1.2.2 In its further letter of 3 June 2022, the respondent expanded slightly on its inventive step objection based on D7 alone, arguing that an 'alternative source of cooling air' could not be the problem to be solved since there was no alternative to inducing cooling air from the rotor-bearing plenum, other than taking this through the rotor itself. This argument is not accepted. Firstly it is noted that these are not the sole two options available to the skilled person. In addition to inducing cooling air from the rotor bearing plenum or through the rotor (as in D8, see Fig. 4; AF01 to AF04), it could alternatively be guided to the rotor blades via a path external to the rotor shaft (such as in D9, see particularly paragraph [0056], Fig. 2) or even via pipes feeding the cooling air from outside the turbine. However, irrespective of this, the respondent has failed to cite a single document in which the cooling air used for cooling the last turbine stage is induced from a rotor bearing plenum, such air being particularly suited for cooling since the air in a bearing plenum is typically slow moving and at low/atmospheric pressure. It thus follows that, while the skilled person indeed could have modified D7 by taking the cooling air from the rotor bearing plenum, the respondent has failed to provide a persuasive argument as to why the skilled person would do so.

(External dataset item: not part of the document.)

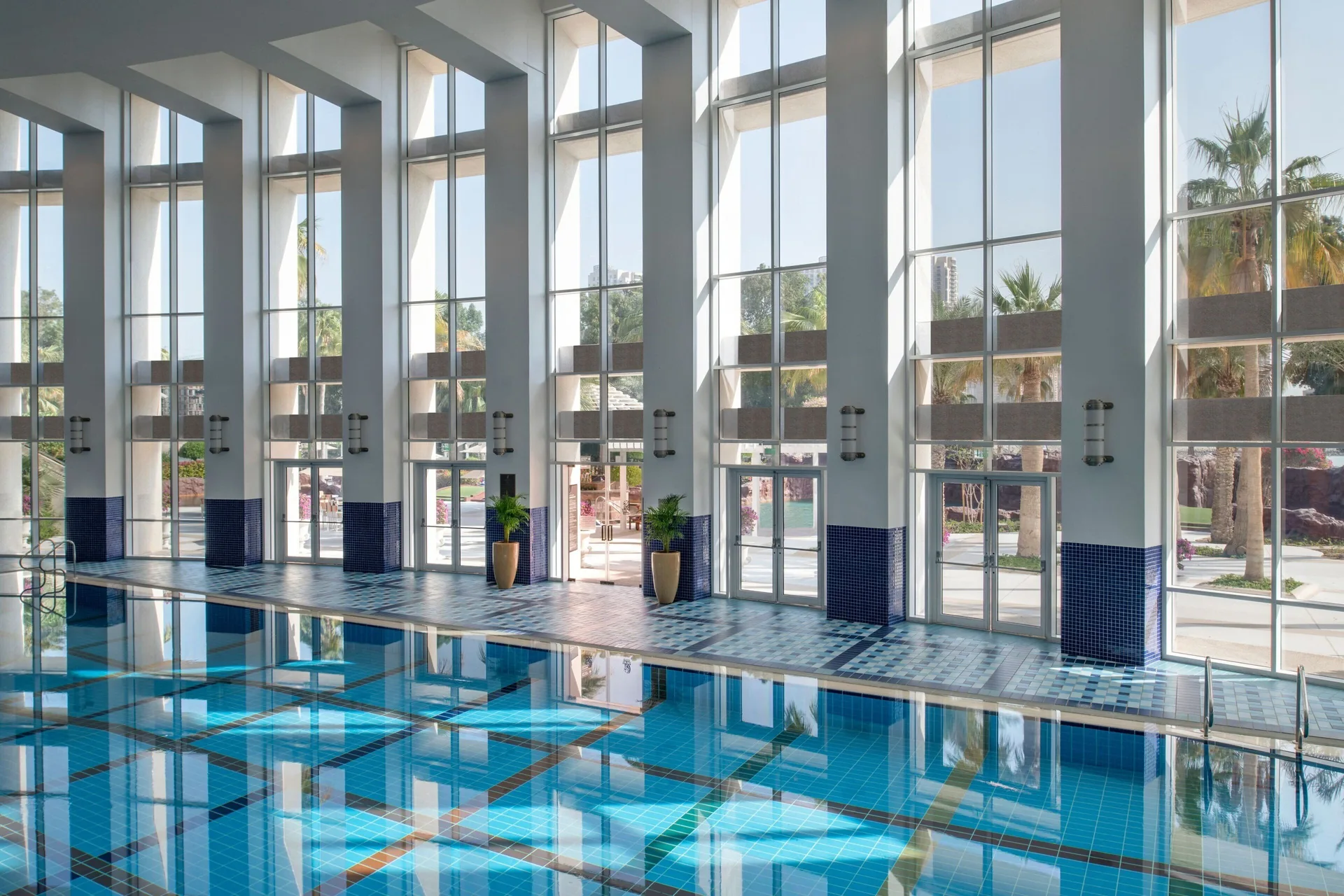 The Ritz-Carlton, Doha — pool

Consequently, the modification of D7 to provide cooling air from the rotor bearing plenum to the last turbine stage is not obvious to the skilled person when considering D7 alone or even when considering D7 in the light of common general knowledge.
1.2.3 Summarising, the Board finds the inventive step attack based on D7 alone to be unsubstantiated. Even if the attack were considered in substance, it is found not to be persuasive.

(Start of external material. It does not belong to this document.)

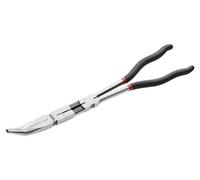 Facom 195.34L Double Jointed Extra Long Half-Round Nose Pliers 45 Angle 340mm Fcm19534L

1.3 In conclusion the Board finds the subject-matter of claim 1 to involve an inventive step (Article 56 EPC).
2. Remittal according to Article 111(1) EPC
2.1 According to Article 111(1) EPC 1973, when deciding on an appeal, the Board may either exercise any power within the competence of the department which was responsible for the decision appealed or remit the case to that department for further prosecution.
2.2 In view of the now much narrower subject-matter in claim 1 relative to that granted, the Board exercised its discretion to remit the case to the opposition division to adapt the description to the amended claims with requisite care. A particular thing to consider relates to claim 1 having been delimited in a two-part form with respect to D7 such that, in this particular case, and in view of the large number of features of claim 1 disclosed by D7, the opposition division should consider the appropriateness of citing this document in the description.
Order
For these reasons it is decided that:
1. The decision under appeal is set aside.
2. The case is remitted to the opposition division with the order to maintain the patent on the basis of claims 1 to 4 as filed in the oral proceedings before the Board and a description to be adapted accordingly.